One night to become someone you're not
The scissors are already in Mom's hand. Rosie sits on the edge of the bed, gripping the crumpled school flyer like it's something precious. "Daddy Day" is printed across the top in bright crayon letters. She hasn't said anything yet, but her eyes keep moving between you and Mom. Dad left when Rosie was barely old enough to remember his face. The flyer came home Friday. Mom spent the whole weekend not talking about it, and now it's Sunday night and the clock is running out. Someone has to walk into that school tomorrow. Someone has to be enough.
6 Small for her age, wide brown eyes, dark pigtails, wearing an oversized sleep shirt with a star on it. Brighter than most kids her age, quick to notice when something feels wrong. She forgives fast, but her hurt lands deep. Trusts Guest completely, though tonight she's quietly hoping for something Guest can't fully give.
38 Tired eyes, dark hair pulled back loosely, wearing a plain sweater, scissors held carefully in both hands. Warm and quietly strong, but guilt has worn grooves into her. She makes hard calls and carries the cost alone. Leans on Guest the way she shouldn't have to, and knows it every time she does.
The bedroom is small and too quiet.
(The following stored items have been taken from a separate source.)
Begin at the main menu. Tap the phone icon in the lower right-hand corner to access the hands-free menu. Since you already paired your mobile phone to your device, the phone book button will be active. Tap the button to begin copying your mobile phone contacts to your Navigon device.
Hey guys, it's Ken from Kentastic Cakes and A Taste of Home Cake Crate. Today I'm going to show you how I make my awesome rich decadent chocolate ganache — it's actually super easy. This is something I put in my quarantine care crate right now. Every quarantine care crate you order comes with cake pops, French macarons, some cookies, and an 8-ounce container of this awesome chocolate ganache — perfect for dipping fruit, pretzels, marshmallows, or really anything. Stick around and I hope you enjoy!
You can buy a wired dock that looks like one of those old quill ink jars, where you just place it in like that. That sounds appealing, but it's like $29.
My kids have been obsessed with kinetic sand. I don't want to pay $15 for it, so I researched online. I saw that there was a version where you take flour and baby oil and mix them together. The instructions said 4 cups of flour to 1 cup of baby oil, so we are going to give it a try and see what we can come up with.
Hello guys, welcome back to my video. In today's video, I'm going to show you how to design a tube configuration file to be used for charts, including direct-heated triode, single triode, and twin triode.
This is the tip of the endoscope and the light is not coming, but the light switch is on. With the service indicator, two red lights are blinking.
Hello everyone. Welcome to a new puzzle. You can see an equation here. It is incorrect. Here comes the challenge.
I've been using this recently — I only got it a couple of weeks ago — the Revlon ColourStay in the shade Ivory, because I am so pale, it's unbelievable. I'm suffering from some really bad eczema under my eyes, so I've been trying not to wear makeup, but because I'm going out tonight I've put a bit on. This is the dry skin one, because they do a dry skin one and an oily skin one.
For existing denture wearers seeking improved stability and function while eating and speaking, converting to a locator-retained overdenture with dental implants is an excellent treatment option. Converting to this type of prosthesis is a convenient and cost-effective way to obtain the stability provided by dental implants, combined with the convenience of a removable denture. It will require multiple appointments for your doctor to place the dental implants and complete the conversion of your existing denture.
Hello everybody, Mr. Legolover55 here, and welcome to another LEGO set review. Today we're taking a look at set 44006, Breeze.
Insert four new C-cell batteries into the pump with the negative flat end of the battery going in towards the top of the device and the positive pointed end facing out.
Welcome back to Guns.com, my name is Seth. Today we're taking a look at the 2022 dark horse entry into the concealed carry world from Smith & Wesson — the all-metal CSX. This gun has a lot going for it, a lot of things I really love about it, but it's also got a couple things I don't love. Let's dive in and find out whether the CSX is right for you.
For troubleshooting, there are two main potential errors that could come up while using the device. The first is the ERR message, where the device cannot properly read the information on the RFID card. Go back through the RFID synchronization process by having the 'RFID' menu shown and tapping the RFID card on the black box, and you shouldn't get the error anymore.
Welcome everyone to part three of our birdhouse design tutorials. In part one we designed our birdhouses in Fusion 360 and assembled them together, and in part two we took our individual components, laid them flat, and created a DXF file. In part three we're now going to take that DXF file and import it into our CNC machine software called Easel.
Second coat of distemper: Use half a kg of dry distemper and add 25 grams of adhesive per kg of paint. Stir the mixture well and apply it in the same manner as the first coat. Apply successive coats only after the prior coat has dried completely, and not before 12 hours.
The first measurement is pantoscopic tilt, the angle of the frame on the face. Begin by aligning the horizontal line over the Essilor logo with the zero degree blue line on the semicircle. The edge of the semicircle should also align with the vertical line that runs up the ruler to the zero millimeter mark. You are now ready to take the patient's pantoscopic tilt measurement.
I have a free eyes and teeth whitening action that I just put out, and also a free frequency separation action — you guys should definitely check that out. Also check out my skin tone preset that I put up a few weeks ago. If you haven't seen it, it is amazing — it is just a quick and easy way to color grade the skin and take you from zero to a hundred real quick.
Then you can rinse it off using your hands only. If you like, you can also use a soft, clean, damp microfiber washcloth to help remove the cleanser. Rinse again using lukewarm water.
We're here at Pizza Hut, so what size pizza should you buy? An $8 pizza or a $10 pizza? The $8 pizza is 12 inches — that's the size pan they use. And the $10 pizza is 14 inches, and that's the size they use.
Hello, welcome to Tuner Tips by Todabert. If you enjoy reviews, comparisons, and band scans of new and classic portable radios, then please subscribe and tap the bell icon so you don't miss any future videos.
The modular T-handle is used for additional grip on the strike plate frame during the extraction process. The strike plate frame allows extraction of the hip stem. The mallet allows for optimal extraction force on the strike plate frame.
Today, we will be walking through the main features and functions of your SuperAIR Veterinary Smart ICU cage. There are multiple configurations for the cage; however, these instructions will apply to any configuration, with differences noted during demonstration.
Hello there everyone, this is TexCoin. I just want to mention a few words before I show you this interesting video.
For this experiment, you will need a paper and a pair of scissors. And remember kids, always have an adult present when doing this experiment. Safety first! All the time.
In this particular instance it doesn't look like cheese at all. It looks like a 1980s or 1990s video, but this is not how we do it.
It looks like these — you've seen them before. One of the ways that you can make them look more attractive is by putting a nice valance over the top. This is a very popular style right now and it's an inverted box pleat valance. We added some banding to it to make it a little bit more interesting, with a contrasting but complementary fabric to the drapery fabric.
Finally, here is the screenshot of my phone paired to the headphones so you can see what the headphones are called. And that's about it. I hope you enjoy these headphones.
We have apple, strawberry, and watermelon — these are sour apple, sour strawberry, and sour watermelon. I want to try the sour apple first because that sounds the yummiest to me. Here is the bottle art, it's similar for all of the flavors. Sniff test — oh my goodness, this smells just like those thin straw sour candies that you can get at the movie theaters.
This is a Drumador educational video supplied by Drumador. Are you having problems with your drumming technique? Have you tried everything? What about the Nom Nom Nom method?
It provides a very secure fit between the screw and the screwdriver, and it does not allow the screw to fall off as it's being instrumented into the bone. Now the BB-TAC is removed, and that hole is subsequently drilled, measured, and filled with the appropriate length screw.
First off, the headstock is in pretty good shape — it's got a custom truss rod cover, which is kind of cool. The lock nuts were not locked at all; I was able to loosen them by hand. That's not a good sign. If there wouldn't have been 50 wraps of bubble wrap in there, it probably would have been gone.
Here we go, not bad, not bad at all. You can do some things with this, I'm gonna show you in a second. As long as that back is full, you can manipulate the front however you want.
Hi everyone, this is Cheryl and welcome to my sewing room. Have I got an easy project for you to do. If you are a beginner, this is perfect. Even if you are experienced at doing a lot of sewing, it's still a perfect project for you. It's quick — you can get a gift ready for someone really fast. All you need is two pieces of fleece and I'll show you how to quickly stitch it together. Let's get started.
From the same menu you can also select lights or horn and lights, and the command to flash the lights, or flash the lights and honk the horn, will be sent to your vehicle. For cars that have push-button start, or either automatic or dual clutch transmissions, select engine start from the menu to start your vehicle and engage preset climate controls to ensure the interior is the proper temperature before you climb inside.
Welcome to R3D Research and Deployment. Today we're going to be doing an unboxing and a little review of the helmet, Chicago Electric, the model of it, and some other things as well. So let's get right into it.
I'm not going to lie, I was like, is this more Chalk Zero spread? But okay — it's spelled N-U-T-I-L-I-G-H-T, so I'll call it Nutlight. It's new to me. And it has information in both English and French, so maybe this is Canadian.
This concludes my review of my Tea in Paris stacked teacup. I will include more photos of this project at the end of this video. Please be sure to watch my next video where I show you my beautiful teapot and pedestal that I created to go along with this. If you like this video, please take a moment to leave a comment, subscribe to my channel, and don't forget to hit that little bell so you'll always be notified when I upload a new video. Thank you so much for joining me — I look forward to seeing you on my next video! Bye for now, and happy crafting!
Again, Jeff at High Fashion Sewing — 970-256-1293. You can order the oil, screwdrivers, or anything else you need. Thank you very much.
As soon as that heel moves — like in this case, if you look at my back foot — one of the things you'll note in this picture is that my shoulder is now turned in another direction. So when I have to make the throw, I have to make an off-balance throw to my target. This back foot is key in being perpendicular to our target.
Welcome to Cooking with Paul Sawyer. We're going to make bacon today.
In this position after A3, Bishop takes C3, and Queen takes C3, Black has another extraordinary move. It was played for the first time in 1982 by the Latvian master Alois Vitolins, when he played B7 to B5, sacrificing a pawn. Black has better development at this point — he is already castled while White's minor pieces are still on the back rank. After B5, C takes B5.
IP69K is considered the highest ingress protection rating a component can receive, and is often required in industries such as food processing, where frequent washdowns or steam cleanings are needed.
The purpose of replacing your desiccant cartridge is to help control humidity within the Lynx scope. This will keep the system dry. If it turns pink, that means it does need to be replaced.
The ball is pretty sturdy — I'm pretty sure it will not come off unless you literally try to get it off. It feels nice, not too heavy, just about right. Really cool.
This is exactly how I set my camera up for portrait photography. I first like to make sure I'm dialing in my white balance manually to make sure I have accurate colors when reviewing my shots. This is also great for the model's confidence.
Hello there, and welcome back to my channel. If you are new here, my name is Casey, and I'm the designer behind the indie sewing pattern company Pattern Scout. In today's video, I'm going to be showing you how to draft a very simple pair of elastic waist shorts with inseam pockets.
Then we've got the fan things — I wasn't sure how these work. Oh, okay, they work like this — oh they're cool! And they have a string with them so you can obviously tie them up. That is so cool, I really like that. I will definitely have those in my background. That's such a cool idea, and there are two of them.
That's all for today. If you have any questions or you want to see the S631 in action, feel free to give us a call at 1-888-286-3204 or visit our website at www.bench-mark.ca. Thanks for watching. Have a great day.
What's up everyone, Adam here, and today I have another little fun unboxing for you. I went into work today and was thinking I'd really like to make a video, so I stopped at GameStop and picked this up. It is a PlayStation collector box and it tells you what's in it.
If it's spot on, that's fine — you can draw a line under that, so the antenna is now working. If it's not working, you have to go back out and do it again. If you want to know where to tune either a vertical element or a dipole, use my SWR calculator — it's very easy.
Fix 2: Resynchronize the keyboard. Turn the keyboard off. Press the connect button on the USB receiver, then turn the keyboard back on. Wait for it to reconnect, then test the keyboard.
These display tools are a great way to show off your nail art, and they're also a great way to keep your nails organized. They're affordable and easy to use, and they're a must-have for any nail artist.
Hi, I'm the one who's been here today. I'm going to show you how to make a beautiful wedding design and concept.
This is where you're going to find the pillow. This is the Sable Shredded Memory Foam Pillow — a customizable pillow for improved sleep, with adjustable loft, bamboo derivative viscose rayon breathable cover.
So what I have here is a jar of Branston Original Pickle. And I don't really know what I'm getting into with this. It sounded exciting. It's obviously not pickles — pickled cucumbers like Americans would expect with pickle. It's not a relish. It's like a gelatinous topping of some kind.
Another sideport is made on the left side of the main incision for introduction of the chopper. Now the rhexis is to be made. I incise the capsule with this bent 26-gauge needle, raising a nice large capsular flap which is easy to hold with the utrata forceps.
Rosie hasn't looked up from the flyer in ten minutes. Deb stands near the doorway, scissors open in her hand, a men's button-up shirt draped over her arm.
She meets your eyes, and for a second she looks like she might apologize. She doesn't. I know it's a lot to ask. But if we trim your hair just a little, and you wear Dad's old shirt... she'd believe it. She just needs one morning.
Rosie finally looks up from the flyer, eyes moving straight to you. Her voice is small. Are you gonna be my dad tomorrow?